Experiencing an issue with our Activity API and signing requests in PactSafe

Incident Report for Ironclad Clickwrap

Postmortem

What happened?

On Tuesday, June 2nd at 9:42am EDT, PactSafe’s Redis cluster became unresponsive – resulting in a sustained outage of the Activity API and REST API. Upon investigation, it was discovered that the primary Redis node had encountered a memory limit, which prevented communication with the rest of the cluster. As the cluster attempted to recover with new primaries, the same issue would occur on the new primary. This kept the cluster in an unhealthy state where it was “up and reachable” but no primary could be communicated with.

Once the team identified and confirmed the root cause of the issue, they were able to scale up a new, larger primary and secondary node and reset the cluster state. As soon as the new primary finished syncing all of the existing cluster’s data, the Activity API and REST API recovered fully.

Potential Impact

During the window that the Activity API and REST API were unresponsive, users would have seen API requests hang and eventually timeout. This would result in the inability to submit an acceptance and receive a valid response, likely blocking clickthrough workflows. If a clickwrap acceptance was impacted during this window, that signer will be prompted to accept again upon their next visit.
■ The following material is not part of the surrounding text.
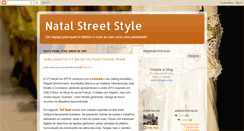 Desktop Screenshot of natalstreetstyle.blogspot.com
Beyond the unresponsiveness of the API, no existing data was lost or ongoing impact to the system occurred.

Incident Duration

The incident began at 9:42am EDT when the Redis cluster became unresponsive, and the system (including both the Activity API and REST API) had fully recovered by 11:22am EDT.

Total incident duration: 1 hour, 40 minutes

Lessons Learned

During the course of the investigation and post-incident discussions, the team has come away with a few insights and lessons that we will address going forward.

Our Redis failover solutions in the Activity API and REST API do not account for every type of unhealthy state. The health checks they rely on in order to failover need to be broadened.
We need to improve the isolation between services and dependencies to prevent this type of widespread outage of multiple parts of the system.
We need to ensure that all infrastructure components are instrumented with monitoring and alerts on key resource utilization.
Our current Redis implementation is a key area that we need to upgrade to support auto-scaling as data growth occurs.

How this will be prevented going forward

The team has already taken steps to prevent this issue in the future, but there is more work to be done.

Instrument every production server (including Redis) with advanced infrastructure monitoring.
Create alerts on all key infrastructure metrics that have the potential to cause a disruption of service.
Replace the current, legacy Redis implementation with a managed service that supports auto-scaling and improved health monitoring.
Separate the existing Redis-reliant services (caching, pub-sub, sessions, etc.) into independent clusters that can be isolated from one another.
Enhance and test the failover solutions within the Activity API and REST API to encompass additional types of unhealthy cluster states and errors.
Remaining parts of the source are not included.